Figure 2. NOX1 p.N122H diminishes epithelial ROS in primary organoids

(a) Superoxide generation of colonic epithelial biopsies measured over 60 minutes by L-012-enhanced chemiluminescence and total light emission quantified by area under the curve (AUC). Results are derived from 17 patients with colonic Crohn’s disease (active disease n = 10), 11 patients with ulcerative colitis (active disease n = 6), 16 non-inflamed controls and the patient with NOX1 p.N122H mutation. One symbol represents the mean of 1–3 pan-colonic biopsy specimens (both right and left sided) per patient. Active versus quiescent disease dichotomised according to composite assessment including endoscopic appearance (mucosal ulceration, loss of vascular pattern, bleeding), biomarkers (CRP), and histology (density of inflammatory infiltrate, cryptitis, crypt abscesses). Statistical significance was determined by Mann-Whitney U test. (b) Organoids from patient with NOX1 mutation and IBD control patient were generated from colonic biopsies obtained during quiescent disease state.

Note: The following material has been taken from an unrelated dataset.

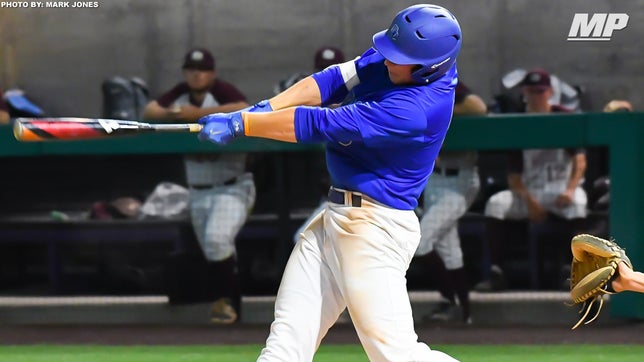 Highlights of Nolan Gorman vs. Mountain Ridge (AZ). He went 1-2 with 2 RBI and a home run.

Representative images of endoscopy, histology (H&E staining, scale bar 50 µm), and organoids are displayed. (c) Analysis of NADPH oxidases and certain subunits by quantitative PCR in NOX1 patient and IBD control organoids. (d) Kinetic assay of PMA-activated L-012-enhanced chemiluminescence on NOX1 mutant, IBD control and non-inflamed control organoid cells. Relative light units (RLU) were measured over 60 minutes. Results are representative of 2 independent experiments measured in replicates. Statistical significance was determined by Wilcoxon signed-rank test comparing the AUC.

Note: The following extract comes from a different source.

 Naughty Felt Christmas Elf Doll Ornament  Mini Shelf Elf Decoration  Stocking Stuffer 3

Figure 3. Comparative analysis of NOX1 variants

(a, b) Generation of superoxide in colonic epithelial cell line HCT116 reconstituted with multimeric NADPH oxidase complex and expressing wild-type or variant NOX1. ROS was analyzed by L-012-enhanced chemiluminescence in the absence (a) or presence of PMA (b). Chemiluminescence was measured 48 hours post-transfection and recorded over 60 minutes. Results represent eight independent experiments with 3–4 replicates. Each dot represents one replicate. Experiments were normalized to mean relative light units (RLU) without PMA. Line represents mean. Statistical significance was determined with ANOVA and post-test correction performed with Dunnett (multiple comparisons to one single control).

Figure 4. NOX1 population frequencies and genetic variation

(a) Allele frequency of NOX1 p.D360N in different populations according to Exome Aggregation Consortium (ExAC) data and published literature. (b) Number of hemizygotes found for a given variant (missense, nonsense, frameshift) in NOX2 and NOX1 is blotted according to amino acid position (X-axis). Frequency is based on ExAC data. (c) Probability of loss of-function intolerance (pLI) of 727 human X-chromosomal genes based on ExAC data. X-linked primary immunodeficieny genes and NOX1 gene are highlighted.